» TASK
Would you please transcribe, exactly as written, the lines of the entries below starting at the one that holds "Side profile of" and ending at the one that holds "Vintage Yellow Bird", both included?

*** Opening of TASK INPUT ***

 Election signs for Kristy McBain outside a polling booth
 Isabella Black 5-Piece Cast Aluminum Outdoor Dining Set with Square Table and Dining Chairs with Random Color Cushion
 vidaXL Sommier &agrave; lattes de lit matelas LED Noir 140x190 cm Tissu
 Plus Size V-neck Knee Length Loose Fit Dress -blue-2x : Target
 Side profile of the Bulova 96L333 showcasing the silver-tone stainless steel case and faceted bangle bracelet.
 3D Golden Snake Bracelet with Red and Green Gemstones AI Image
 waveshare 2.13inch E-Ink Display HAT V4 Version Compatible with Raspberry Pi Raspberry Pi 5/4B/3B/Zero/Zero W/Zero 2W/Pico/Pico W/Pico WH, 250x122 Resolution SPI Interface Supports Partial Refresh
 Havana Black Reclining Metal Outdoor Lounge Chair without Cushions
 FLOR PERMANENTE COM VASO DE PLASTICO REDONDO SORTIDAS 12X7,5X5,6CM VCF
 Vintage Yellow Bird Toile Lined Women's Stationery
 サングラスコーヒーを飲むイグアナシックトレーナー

*** Close of TASK INPUT ***

» THE COMPLETED TASK
 Side profile of the Bulova 96L333 showcasing the silver-tone stainless steel case and faceted bangle bracelet.
 3D Golden Snake Bracelet with Red and Green Gemstones AI Image
 waveshare 2.13inch E-Ink Display HAT V4 Version Compatible with Raspberry Pi Raspberry Pi 5/4B/3B/Zero/Zero W/Zero 2W/Pico/Pico W/Pico WH, 250x122 Resolution SPI Interface Supports Partial Refresh
 Havana Black Reclining Metal Outdoor Lounge Chair without Cushions
 FLOR PERMANENTE COM VASO DE PLASTICO REDONDO SORTIDAS 12X7,5X5,6CM VCF
 Vintage Yellow Bird Toile Lined Women's Stationery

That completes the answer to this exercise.